# High Heels at ROTC?!?



## Ooh-Rah (Apr 21, 2015)

Okay really?  REALLY?  Someone has to please tell me that this didn't happen the way I see it written...

http://www.washingtontimes.com/news...legedly-pushed-men-wear-high-h/#ixzz3XxHyoPyY







Army ROTC cadets are complaining on message boards that they were pressured to walk in high heels on Monday for an Arizona State University campus event designed to raise awareness of sexual violence against women.

The Army openly encouraged participating in April’s “Walk A Mile in Her Shoes” events in 2014, but now it appears as though ROTC candidates at ASU were faced with a volunteer event that became mandatory.

*“Attendance is mandatory and if we miss it we get a negative counseling and a ‘does not support the battalion sharp/EO mission’ on our CDT OER for getting the branch we want.* So I just spent $16 on a pair of high heels that I have to spray paint red later on only to throw them in the trash after about 300 of us embarrass the U.S. Army tomorrow,” one anonymous cadet wrote on the social media sharing website Imgr, IJReview reported Monday.


----------



## Grunt (Apr 21, 2015)

The only thing that walk served to draw attention to was the individuals walking and not the issue.

And to think that I would have been written up for being seen off base in my BDU's except for when I was walking from my car to my apartment.

We have come a long way....


----------



## Teufel (Apr 21, 2015)

That is one negative counseling I would have framed on my wall after changing my ROTC program from the Army to the Marine Corps


----------



## Il Duce (Apr 21, 2015)

I hope that PMS receives disciplinary action.  Making a bad judgment can be forgiven, having bad judgment cannot.  I cannot imagine how this sent the right message or was in any way acceptable within uniform regulations.  I've participated in a number of SHARP events for April in my unit and a suggestion like this would have gotten a CDR counseled, action would have gotten them relieved.


----------



## AWP (Apr 21, 2015)

"There's no place like home. There's no place like home."


----------



## pardus (Apr 22, 2015)

That is disgraceful. I would have refused that order.


----------



## Gunz (Apr 22, 2015)

There's no fucking way I would've done that.
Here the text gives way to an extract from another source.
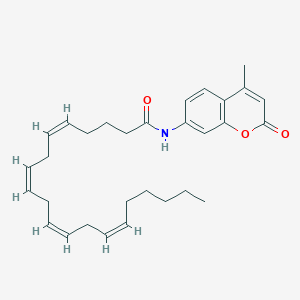 molecular formula C30H39NO3 B024143 5,8,11,14-二十碳四烯酰胺，N-(4-甲基-2-氧代-2H-1-苯并吡喃-7-基)-，(5Z,8Z,11Z,14Z)- CAS No. 862913-13-1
I don't care what's on the line.


----------



## reed11b (Apr 22, 2015)

I would have done it, and support the Army encouraging Soldiers to participate. Kudo's to soldiers that do so voluntarily.

What I do NOT agree with, is making it mandatory.
Reed


----------



## policemedic (Apr 22, 2015)

There are any numbers of activities even a halfwit commander could come up with to support the SHARP mission and increase the Army's visibility on this hotbutton issue that don't involve coercing troops into looking like idiots and breaking regulations.


----------



## Ranger Psych (Apr 22, 2015)

nope.jpg fuck you very much sir.

There's better shit to do, like train.


----------



## DA SWO (Apr 22, 2015)

(Old photo)
This is the MG who runs Army ROTC.
I hope some Congressional critter gives her crap over this.


----------



## racing_kitty (Apr 22, 2015)

Why does this not surprise me in the least?  Way to make females in a leadership position look like utter goat shit, ma'am.


----------



## Brill (Apr 23, 2015)

I fully expect similar "training opportunities" during upcoming IDTs.


----------



## Teufel (Apr 23, 2015)

DA SWO said:


> (Old photo)
> This is the MG who runs Army ROTC.
> I hope some Congressional critter gives her crap over this.
> 
> ...


I'm sorry but that General looks like a cheeto


----------



## Il Duce (Apr 23, 2015)

My suspicion would be this event was driven by the local Professor of Military Science (PMS) - a LTC - at the school.  If the regional ROTC commander were the driving force it would be happening at every ROTC program in the region and one would assume getting even more press.  I hope BG Combs stomps on this PMS very hard.  It's the sort of thing that causes a loss of faith in a leader to shape and train aspiring officers.

That to me is one of the most significantly disturbing things about the event.  I would expect a commissioned officer to push back on an asinine and destructive event like this - but I would not expect it of a cadet.  The cadet is learning what right looks like with very little experience by and large.  They're not going to have the experience to push back on idiotic things - just trust this is the way the Army does stuff.

I generally feel in 99% of cases there are no bad PV2s or 2LTs - just bad leaders in charge of those Soldiers.  Here's a case where someone can be ruining 2LTs before they've even had a chance.


----------



## AWP (Apr 23, 2015)

Il Duce said:


> That to me is one of the most significantly disturbing things about the event.  I would expect a commissioned officer to push back on an asinine and destructive event like this - but I would not expect it of a cadet.  The cadet is learning what right looks like with very little experience by and large.  They're not going to have the experience to push back on idiotic things - just trust this is the way the Army does stuff.
> 
> I generally feel in 99% of cases there are no bad PV2s or 2LTs - just bad leaders in charge of those Soldiers.  Here's a case where someone can be ruining 2LTs before they've even had a chance.



I think many would be surprised by the influence a commissioning process has on officers. I watched it in my OCS class and refuse to believe that was a statistical aberration.


----------



## BloodStripe (Apr 29, 2015)

I believe that its not limited to just young officers.


----------



## Beagle (May 11, 2015)

The only attention was how dumb they look.  Hey I'm all for them supporting it but take off their uniform, it's not something cute.  Since it's not Army sponsored they should not be pressured to walk in their uniform. 

http://www.army.mil/article/124146/High_heels_event_elevates_awareness_for_sexual_violence/
Garrett said even though this is not an Army-sponsored event it is very closely related to the Army SHARP program. Proceeds not only benefit the local civilian populations, but Soldiers and family members in need as well.


----------



## Il Duce (May 11, 2015)

@Beagle - huge difference between an optional event, not in uniform and a mandatory event in uniform.


----------